Pubdate: Thu, 13 Dec 2001
Source: Post-Star, The (NY)
Copyright: 2001 Glens Falls Newspapers Inc.
Author: Joel Stashenko, Associated Press
Bookmark: (Rockefeller Drug Laws)


ALBANY -- While continuing the campaign to ease the harshest of the 
state's drug laws, an advocate for reform said the time is not ripe 
for Gov. George Pataki to make meaningful concessions.

"He's perceived by the public to have responded very well to the 
trade center attacks," Robert Gangi of the state Correctional 
Association said Wednesday. "He's gotten a lot of political capital 
out of that perception. There is less pressure on him to compromise 
on any issue."

Pataki spokesman Michael McKeon called Gangi's comment "the most 
ridiculous thing I've ever read" and said the governor is "committed 
to commonsense reforms" of the drug statutes.
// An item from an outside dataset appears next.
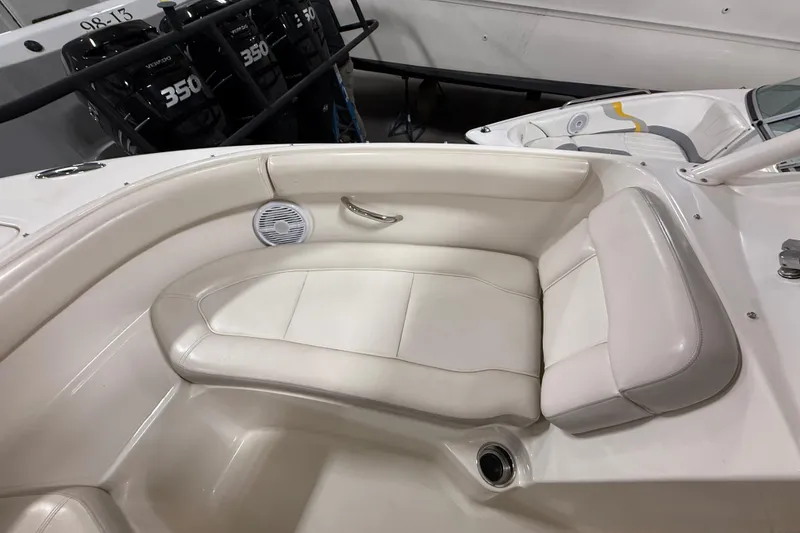 Slide: The Image of 2014 Pursuit DC 265 Dual Console boat interior with white seating and speaker. - 56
Discussions over easing the mandatory sentencing laws for drug 
offenders have been conducted off and on for most of 2001. McKeon 
said the governor's counsel, James McGuire, made new overtures to the 
Legislature on the subject as recently as late last week.

But spokesmen for all the sides said Wednesday no agreement is imminent.

Gangi said Wednesday he hopes no agreement is struck and that the 
issue is deferred until 2002, when Pataki is expected to seek a third 
term as governor.

If the political capital Pataki has built in the aftermath of the 
World Trade Center attack "erodes," Gangi said the governor would be 
more receptive to drug sentencing changes that result in thousands 
fewer people being sent to state prison.

The intervening months would also bolster the case for reform in a 
state which could lose up to $9 billion in revenues by March 2003 due 
to the Sept. 11 attack, Gangi said. Plans to change the drug laws 
call for thousands of offenders to go into treatment programs rather 
than prisons, which cost up to $30,000 a year to incarcerate each 

"I think the economic argument is potentially a critical factor in 
any negotiations," Gangi said.

McKeon said Pataki wants reform of the drug statutes, but does not 
want to deal with those who want to use the issue for political gain.

"In Albany, it takes three to tango," he said. "We're looking for 
some dance partners."

Gangi's prisoner advocacy group released a compilation Wednesday of 
statements made by judges condemning the current sentencing laws as 
overly harsh and disproportionate to offenders' crimes. The report 
was titled, "Stupid and Irrational and Barbarous: New York judges 
speak against the Rockefeller Drug Laws."

The laws were adopted in 1973 and 1974 at the behest of former Gov. 
Nelson Rockefeller, who argued that drugs were wiping out inner-city 
neighborhoods around the state. The most extreme of the laws allow 
for prison sentences of up to life for first offenders caught with 
relatively small amounts of heroin or cocaine.

More typically, critics say mandatory sentencing laws have caused 
thousands of mainly minority, nonviolent drug abusers to be 
imprisoned for several years when they belong in treatment centers.

Opposition to easing the drug laws has been loudest from district 
attorneys in the state. They argue that only a few hundred inmates 
have been sent to prison for the maximum terms under the statutes and 
that the inmates serving the shorter mandatory sentences have 
exhibited violence in their lives, even if they haven't been 
convicted of violent offenses.

Onondaga County District Attorney William Fitzpatrick said 
prosecutors in 83 percent of the state now have available to them 
drug treatment as a sentencing option.

"We're really not missing people who are treatment-eligible and 
treatment-appropriate and sending them to jail," Fitzpatrick said 

He also predicted that the economic argument in favor of reforming 
the drug laws will not be persuasive.

"If you emasculate the laws tomorrow, the only dangerous financial 
impact you're going to have is from the dramatic increase in crime," 
he said.

Meanwhile Wednesday, a one-week advertisement campaign in the New 
York City area against the drug laws was entering its final two days. 
The campaign was sponsored by the Latino Health and Justice Coalition 
and endorsed by prominent Latino politicians in New York City.

The campaign urges Pataki, a Republican, to adopt the drug reform 
plan put forward by the Democrat-dominated state Assembly. Pataki has 
proposed two reform plans in recent years, but critics say each gave 
prosecutors too much power to veto treatment for offenders and not 
enough sentencing discretion to judges.